### Aim of the task
Once you find the line with "臺灣金狗毛蕨藏品圖，第1張" in the data that follows, repeat it and every line after it exactly, through the line with "Zamberlan 980 Wasatch".

### Data records
※

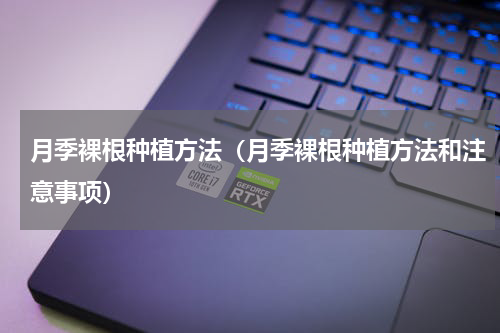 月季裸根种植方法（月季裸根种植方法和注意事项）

※

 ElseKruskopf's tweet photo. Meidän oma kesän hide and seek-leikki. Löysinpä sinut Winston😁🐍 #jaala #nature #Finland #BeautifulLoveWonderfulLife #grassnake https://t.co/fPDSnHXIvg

※

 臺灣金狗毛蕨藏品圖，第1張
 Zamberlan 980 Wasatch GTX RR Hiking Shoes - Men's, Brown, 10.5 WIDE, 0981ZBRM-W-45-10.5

※

### Response
 臺灣金狗毛蕨藏品圖，第1張
 Zamberlan 980 Wasatch GTX RR Hiking Shoes - Men's, Brown, 10.5 WIDE, 0981ZBRM-W-45-10.5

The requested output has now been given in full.